Bob’s Right: Build Those Roads

Fellow blog readers and Baconauts. Please help me with this.

I was just getting over Barack Obama’s surrender to the conservatives on tax cuts when I opened this morning’s newspaper and learned that Republican Gov. Bob McDonnell is really a Keynesian and is willing to blow out the state’s troubled debt obligations to get roads for which two of his previous fund-raising schemes have failed.

And to think that just two Sunday’s ago, the Right Rev. James A. Bacon was delivering another one of his stern sermons that Virginia will pay an estimated $594 million in 2012 to service its $9 billion tax-supported debt. According to our deficit watchdog, Virginians are paying more to service debt than ever before and the state “cannot afford this nonsense any more.”

Here’s the new nonsense: McDonnell will ask the state to spend $400 million immediately on roads and bridges while borrowing another $2.9 billion over the next three years for more transportation needs. Of this, some $150 million will come from last year’s budget surplus and $250 million that an audit revealed the Virginia Department of Transportation has already had.

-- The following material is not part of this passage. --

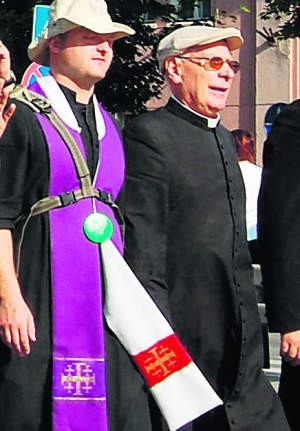 W ub. wtorek ksiądz Jan symbolicznie dołączył do pielgrzymki. fot. radosław konczyński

McDonnell’s justification and that of his transportation chief Sean Connaughton is that construction costs and bond financing is cheaper than it has been in decades and there are bargains to be had.

Actually, I tend to side with them on this. Virginia’s roads needs are significant if the state is to continue to position itself for growth not just tomorrow but over the coming years and decades.

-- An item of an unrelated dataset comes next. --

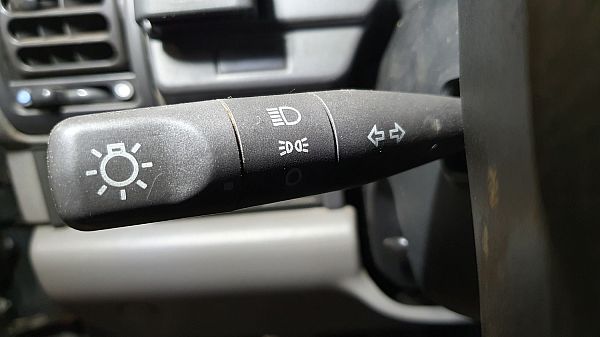 Switch - indicator LAND ROVER DISCOVERY Mk II (L318)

Building roads now will mean more jobs now, not some years down the pike. You can’t completely toss John Maynard Keynes out with the baby’s bathwater, anyway. He does make sense.

The proposals would create a state infrastructure bank with $400 in surplus and other funds. That’s not a bad idea since many countries around the world have created similar institutions to fund transportation needs. Changes in state bond laws would also be needed.

While I like the idea of stopping moaning about deficits and debts and getting on with projects that create jobs and could enhance the state’s chances for prosperity down the road, there is some concern about McDonnell’s topsey- turvey policy-making. I am not all that concerned about the “New Fru” tut-tutters like the Right Rev. Bacon. If you listen to them, nothing would ever get done besides a bunch of hand wringing.

But McDonnell’s two previous plans to boost transportation funding — privatizing ABC stores and offshore oil drilling — are kaput. What’s happened is that Connaughton, one of the few serious pros in McDonnell’s administration, has convinced Bob to get off the dime. These inconsistencies are worrying and still show that McDonnell’s is a second-stringer when it comes to governing.

In any event, I see the news as welcome.